Web magazine publishes local artists’ work
November 14, 2017
After unfurling the plaid scarf from around her neck, Annie Clymer sat down at a rickety, wooden table inside Muddy Waters.
She clutched her glass of fresh-pressed juice in two hands, and smiled as she began to speak of her latest artistic endeavor.
Clymer is the editor and founder of The Burlington Beat, an online literary-arts magazine where she publishes creative works from the Burlington community.
Since starting the magazine six months ago, she has published two issues on a website she designed herself.
“I wanted to create the kind of magazine I would want to be published in,” she said.
Originally from Connecticut, Clymer graduated with a writing degree from Champlain College in 2015.
She now works several miscellaneous writing-related jobs, including one at a local bookstore.
“I am surrounded by the written word all day,” she said. “I can’t not bring it home with me.”
The Burlington Beat is an attempt to celebrate the town’s uniqueness, Clymer said.
“I have friends in New York City who say that the city imposes on them a pressure to find a rigorous career,” she said, “but in Burlington, people care less about what you do for work, and more about the cool, creative thing you do.”
For the magazine’s first issue, released online in August, Clymer received more than thirty submissions of poetry, prose and artwork.
“I was overwhelmed and surprised by the amount I received,” she said.
The submissions came from artists of a diverse range of ages. Both career artists and 16 year-old high school students have submitted to the magazine, Clymer said.
“I decided to submit my work to The Burlington Beat because it is popular around town, and a great outlet for me to put my work and name out there,” Marcel Etienne said.
Etienne, who graduated from UVM in 2016 with a degree in Studio Art, had several of his vibrant watercolor paintings published online in The Burlington Beat’s October issue.
“I also think it’s important for local artists to be involved in the community,” he said.

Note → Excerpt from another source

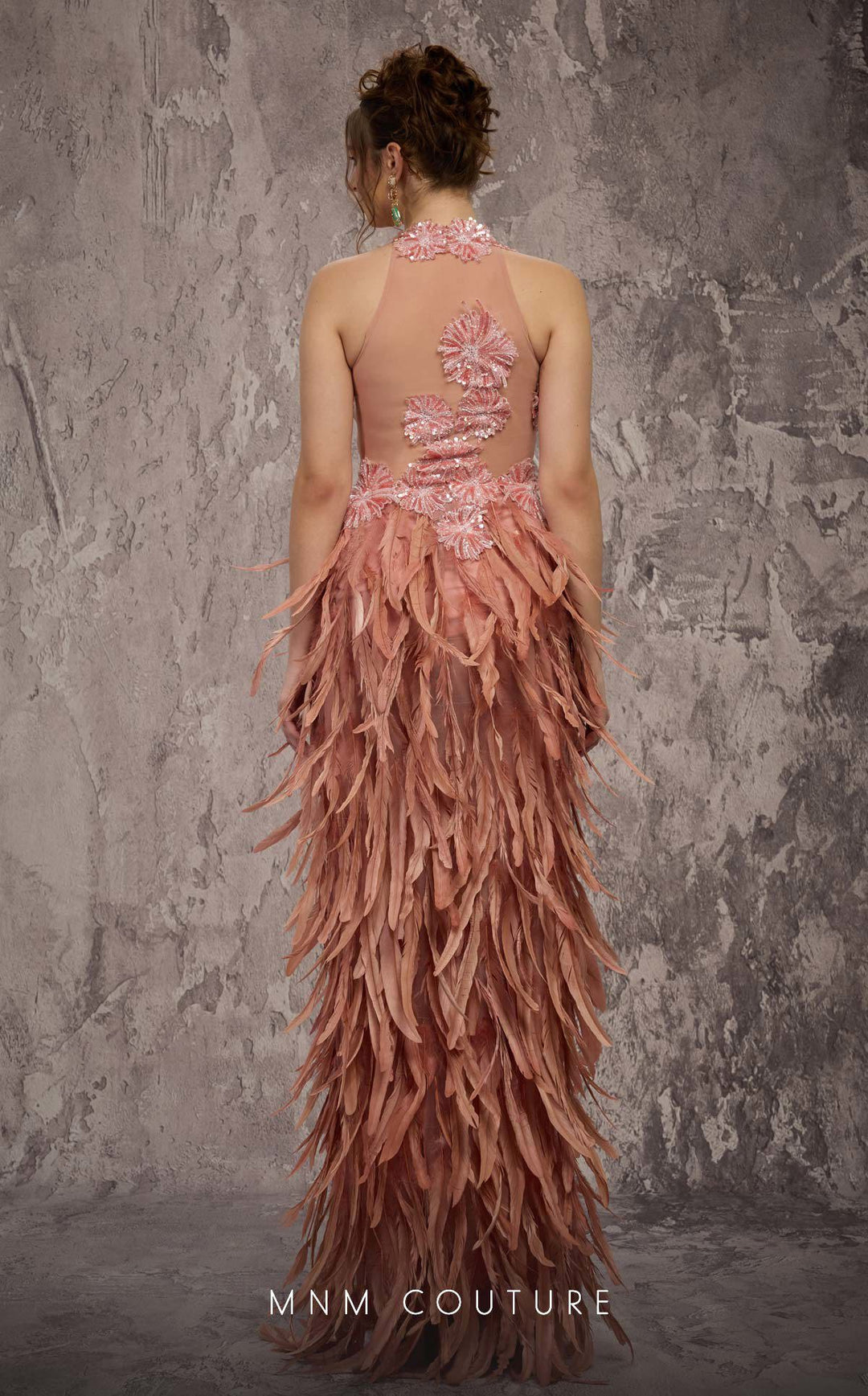 MNM Couture J03381 Feathered Dress with Sequined Halter Top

Clymer, who writes poetry and paints, especially loved Etienne’s painting of two people walking in a rainstorm.
“I wish I could do what he can,” she said.
Clymer promotes the magazine in a variety of ways. She placed an ad for submissions in the “Call to Artists” section of Seven Days, on CraigsList and on posters in several spaces around town, she said.
“My mom has also been sharing it with everyone she knows,” Clymer said, laughing. “She is my biggest supporter.”
The Burlington Beat’s second issue, published Oct. 31, followed the theme “Stranger.”
“I like the idea of the theme for each edition being somewhat seasonal,” she said, and “Stranger” went well with the spookiness of Halloween.
Clymer’s only concrete criteria for a work’s publication is that the poem or prose must be readable, with no grammar mistakes. She does not edit submissions, she said.
“I believe that if you are from the area, and are creating something that’s done well, it deserves to be on a public platform,” Clymer said.
Clymer hopes to someday find the funding to create a print edition of the magazine. She also hopes to host an event where the published artists and writers can come together.
“Expect to see some changes this spring,” she said.